Look at the categories: how nominations ended up being distributed this year tells me that voters mostly voted for a small handful of films and was very Best Picture-friendly. When films that weren’t nominated for Best Picture push through, you can see even there a limited scope of a few movies, not a variety of films representative of the year in film:
BEST ACTOR
Joaquin Phoenix, Joker
Adam Driver, Marriage Story
Leonardo DiCaprio, Once Upon a Time in Hollywood
Jonathan Pryce, The Two Popes
Antonio Banderas, Pain and Glory
BEST ACTRESS
Renee Zellweger, Judy
Charlize Theron, Bombshell
Scarlett Johansson, Marriage Story
Cynthia Erivo, Harriet
Saoirse Ronan, Little Women
BEST SUPPORTING ACTOR
Brad Pitt, Once Upon a Time in Hollywood
Joe Pesci, The Irishman
Tom Hanks, A Beautiful Day in the Neighborhood
Al Pacino, The Irishman
Anthony Hopkins, The Two Popes
BEST SUPPORTING ACTRESS
Laura Dern, Marriage Story
Margot Robbie, Bombshell
Scarlett Johansson, Jojo Rabbit
Florence Pugh, Little Women
Kathy Bates, Richard Jewell
BEST DIRECTOR
Sam Mendes, 1917
Quentin Tarantino, Once Upon a Time in Hollywood
Bong Joon-Ho, Parasite
Martin Scorsese, The Irishman
Todd Phillips, Joker
ORIGINAL SCREENPLAY
Once Upon a Time in Hollywood, Quentin Tarantino
Marriage Story, Noah Baumbach
Parasite, Bong Joon-Ho, Jin Won Han
1917, Krysty Wilson-Cairns, Sam Mendes
Knives Out, Rian Johnson
ADAPTED SCREENPLAY
Little Women, Greta Gerwig
The Irishman, Steve Zaillian
Jojo Rabbit, Taika Waititi
Joker, Todd Phillips, Scott Silver
The Two Popes, Anthony McCarten
CINEMATOGRAPHY
1917
Once Upon a Time in Hollywood
Joker
The Irishman
The Lighthouse
EDITING
Parasite
Jojo Rabbit
Ford v Ferarri
The Irishman
Joker
PRODUCTION DESIGN
1917
The Irishman
Once Upon a Time in Hollywood
Parasite
Jojo Rabbit
SOUND MIXING
Ford v Ferrari
1917
Joker
Ad Astra
Once Upon a Time in Hollywood
SOUND EDITING
Ford v Ferarri
1917
Once Upon a Time in Hollywood
Joker
Star Wars: The Rise of Skywalker
COSTUME DESIGN
Once Upon a Time in Hollywood
Little Women
The Irishman
Jojo Rabbit
Joker
VISUAL EFFECTS
1917
The Irishman
Avengers: Endgame
The Lion King
Star Wars: The Rise of Skywalker
ORIGINAL SCORE
Joker
1917
Marriage Story
Little Women
Star Wars: The Rise of Skywalker
MAKEUP AND HAIRSTYLING
1917
Bombshell
Joker
Judy
Maleficent: Mistress of Evil
Not counting the Original Song category, there are only 20 or so nominations from films that are not Best Picture nominees, compared with 30 or so from the year before.
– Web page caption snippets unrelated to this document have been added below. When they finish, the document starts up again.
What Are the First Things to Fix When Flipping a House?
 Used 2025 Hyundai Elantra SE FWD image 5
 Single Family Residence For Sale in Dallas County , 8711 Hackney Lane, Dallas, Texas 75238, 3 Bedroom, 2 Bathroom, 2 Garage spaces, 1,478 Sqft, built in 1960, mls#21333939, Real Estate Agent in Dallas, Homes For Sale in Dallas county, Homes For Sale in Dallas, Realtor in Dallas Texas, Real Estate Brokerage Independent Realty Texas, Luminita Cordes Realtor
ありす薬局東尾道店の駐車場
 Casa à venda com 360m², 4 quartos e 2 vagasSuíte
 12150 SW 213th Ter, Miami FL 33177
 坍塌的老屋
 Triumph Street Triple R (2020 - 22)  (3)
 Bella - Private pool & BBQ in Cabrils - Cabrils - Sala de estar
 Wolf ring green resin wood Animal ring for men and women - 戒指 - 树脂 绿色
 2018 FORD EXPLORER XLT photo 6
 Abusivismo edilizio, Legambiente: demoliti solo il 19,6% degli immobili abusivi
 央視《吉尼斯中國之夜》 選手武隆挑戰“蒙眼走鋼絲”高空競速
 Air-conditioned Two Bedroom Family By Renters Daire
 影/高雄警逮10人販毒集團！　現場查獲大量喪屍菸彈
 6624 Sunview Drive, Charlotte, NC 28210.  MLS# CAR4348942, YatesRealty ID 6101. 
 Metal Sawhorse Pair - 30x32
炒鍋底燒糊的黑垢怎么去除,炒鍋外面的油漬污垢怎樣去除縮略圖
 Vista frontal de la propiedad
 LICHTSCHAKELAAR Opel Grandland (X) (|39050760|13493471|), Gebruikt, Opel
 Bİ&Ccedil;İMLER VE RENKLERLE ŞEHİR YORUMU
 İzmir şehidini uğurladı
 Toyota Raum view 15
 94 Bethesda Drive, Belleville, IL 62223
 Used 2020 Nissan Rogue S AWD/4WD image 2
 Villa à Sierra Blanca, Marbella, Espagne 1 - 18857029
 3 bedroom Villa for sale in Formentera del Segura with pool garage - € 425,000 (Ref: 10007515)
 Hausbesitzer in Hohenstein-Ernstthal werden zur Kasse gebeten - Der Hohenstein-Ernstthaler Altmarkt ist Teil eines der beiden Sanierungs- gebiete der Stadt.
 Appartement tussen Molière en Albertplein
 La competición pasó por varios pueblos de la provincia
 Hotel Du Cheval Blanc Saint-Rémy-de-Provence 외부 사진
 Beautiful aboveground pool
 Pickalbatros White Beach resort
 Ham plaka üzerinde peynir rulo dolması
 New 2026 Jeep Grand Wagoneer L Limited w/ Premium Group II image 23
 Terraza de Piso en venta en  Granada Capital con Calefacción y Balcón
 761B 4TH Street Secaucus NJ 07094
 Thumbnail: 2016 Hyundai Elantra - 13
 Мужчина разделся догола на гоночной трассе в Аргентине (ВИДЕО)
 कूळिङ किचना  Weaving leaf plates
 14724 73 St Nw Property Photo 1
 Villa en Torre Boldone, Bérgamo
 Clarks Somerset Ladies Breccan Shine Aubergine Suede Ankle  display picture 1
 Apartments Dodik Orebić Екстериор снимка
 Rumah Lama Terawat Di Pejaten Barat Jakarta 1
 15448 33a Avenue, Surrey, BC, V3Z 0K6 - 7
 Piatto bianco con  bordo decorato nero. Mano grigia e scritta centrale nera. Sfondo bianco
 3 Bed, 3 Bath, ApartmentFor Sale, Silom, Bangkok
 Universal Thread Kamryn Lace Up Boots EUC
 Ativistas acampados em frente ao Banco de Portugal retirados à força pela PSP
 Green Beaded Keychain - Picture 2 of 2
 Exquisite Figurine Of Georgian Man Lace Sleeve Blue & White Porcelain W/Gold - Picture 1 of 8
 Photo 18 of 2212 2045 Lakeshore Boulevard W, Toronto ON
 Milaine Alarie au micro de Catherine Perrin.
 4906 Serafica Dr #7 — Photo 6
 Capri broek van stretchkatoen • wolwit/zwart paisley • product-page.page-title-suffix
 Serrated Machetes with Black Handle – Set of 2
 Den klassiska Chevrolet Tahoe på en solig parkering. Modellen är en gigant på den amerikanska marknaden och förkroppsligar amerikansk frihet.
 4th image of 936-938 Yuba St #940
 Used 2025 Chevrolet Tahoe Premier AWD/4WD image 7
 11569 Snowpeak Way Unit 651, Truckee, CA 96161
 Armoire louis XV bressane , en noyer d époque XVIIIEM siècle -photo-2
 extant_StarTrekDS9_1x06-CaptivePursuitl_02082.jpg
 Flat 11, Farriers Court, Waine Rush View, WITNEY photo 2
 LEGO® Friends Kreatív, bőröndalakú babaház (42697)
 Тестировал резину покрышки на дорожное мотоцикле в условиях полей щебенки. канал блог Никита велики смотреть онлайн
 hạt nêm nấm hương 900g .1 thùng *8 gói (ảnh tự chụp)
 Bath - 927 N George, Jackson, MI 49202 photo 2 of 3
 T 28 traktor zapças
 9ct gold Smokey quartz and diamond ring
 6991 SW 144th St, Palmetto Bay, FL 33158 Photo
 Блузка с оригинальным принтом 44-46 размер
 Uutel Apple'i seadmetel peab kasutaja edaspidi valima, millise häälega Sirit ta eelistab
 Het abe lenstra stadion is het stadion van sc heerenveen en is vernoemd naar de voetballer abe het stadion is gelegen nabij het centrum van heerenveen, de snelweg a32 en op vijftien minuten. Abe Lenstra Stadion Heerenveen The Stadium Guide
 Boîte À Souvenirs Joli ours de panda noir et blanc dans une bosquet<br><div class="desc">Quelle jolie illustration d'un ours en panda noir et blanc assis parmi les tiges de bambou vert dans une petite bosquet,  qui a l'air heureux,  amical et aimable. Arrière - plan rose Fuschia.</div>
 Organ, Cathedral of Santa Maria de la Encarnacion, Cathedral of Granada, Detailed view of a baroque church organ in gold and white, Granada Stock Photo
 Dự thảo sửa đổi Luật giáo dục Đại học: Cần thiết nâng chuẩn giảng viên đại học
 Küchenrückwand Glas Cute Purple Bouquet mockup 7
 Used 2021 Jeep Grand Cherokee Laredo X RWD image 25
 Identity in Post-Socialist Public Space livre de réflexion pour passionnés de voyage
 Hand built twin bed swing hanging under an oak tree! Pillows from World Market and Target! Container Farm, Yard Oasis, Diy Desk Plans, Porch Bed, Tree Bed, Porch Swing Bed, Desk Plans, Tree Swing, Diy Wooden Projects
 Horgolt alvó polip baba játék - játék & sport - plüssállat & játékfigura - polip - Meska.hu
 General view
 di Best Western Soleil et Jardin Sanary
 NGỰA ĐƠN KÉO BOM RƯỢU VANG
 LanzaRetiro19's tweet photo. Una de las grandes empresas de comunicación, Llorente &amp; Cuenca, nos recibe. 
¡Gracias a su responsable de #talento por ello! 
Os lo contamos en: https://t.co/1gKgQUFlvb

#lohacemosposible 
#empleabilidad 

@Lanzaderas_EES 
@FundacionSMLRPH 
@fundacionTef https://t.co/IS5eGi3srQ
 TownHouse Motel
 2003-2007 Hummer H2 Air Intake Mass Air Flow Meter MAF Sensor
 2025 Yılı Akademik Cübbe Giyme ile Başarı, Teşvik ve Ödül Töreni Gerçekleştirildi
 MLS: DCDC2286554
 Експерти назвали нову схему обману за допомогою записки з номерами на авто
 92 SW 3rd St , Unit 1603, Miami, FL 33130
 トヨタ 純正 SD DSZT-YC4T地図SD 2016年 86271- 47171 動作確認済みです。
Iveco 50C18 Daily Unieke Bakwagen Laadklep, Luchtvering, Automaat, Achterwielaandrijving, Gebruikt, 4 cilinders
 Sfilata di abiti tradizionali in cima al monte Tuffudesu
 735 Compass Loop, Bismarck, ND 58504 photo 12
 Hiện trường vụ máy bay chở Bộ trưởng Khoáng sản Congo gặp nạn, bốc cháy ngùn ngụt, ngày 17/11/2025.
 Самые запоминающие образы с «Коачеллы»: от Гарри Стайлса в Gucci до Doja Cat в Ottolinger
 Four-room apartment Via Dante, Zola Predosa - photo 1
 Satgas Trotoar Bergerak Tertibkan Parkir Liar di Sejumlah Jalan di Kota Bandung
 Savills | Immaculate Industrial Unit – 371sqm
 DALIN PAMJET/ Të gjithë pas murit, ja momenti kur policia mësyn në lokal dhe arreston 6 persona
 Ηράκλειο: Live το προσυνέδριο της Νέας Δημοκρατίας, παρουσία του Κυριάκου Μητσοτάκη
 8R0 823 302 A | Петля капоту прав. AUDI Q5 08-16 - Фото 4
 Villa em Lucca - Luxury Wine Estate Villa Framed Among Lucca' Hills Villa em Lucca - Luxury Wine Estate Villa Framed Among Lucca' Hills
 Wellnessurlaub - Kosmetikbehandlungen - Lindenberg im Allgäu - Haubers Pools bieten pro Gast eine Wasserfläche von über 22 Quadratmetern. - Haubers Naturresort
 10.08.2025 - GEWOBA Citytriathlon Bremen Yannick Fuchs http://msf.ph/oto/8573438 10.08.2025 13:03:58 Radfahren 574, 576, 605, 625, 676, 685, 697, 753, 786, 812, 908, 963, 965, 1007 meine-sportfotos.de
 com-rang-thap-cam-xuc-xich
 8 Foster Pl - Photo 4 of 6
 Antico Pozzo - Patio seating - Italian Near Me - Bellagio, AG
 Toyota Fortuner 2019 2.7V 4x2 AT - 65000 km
The race became narrowed to a handful of films and no other movies could really break through.
The Ugly
Unfortunately, the shortened season rushed all of the voting through where multiple awards shows were happening concurrently on the same days, awards given out so quickly no one had time to contemplate the wins. It will always matter, I think, what the public thinks of a movie. It isn’t everything, but it makes the awards more relevant, I think.
Would anything have changed if there were two more weeks left? Not sure. Ballots are about to be sent out and voters will have just a few days to decide, with only WGA and BAFTA in between.
But what do YOU think, Oscarwatchers? Do you like it this short?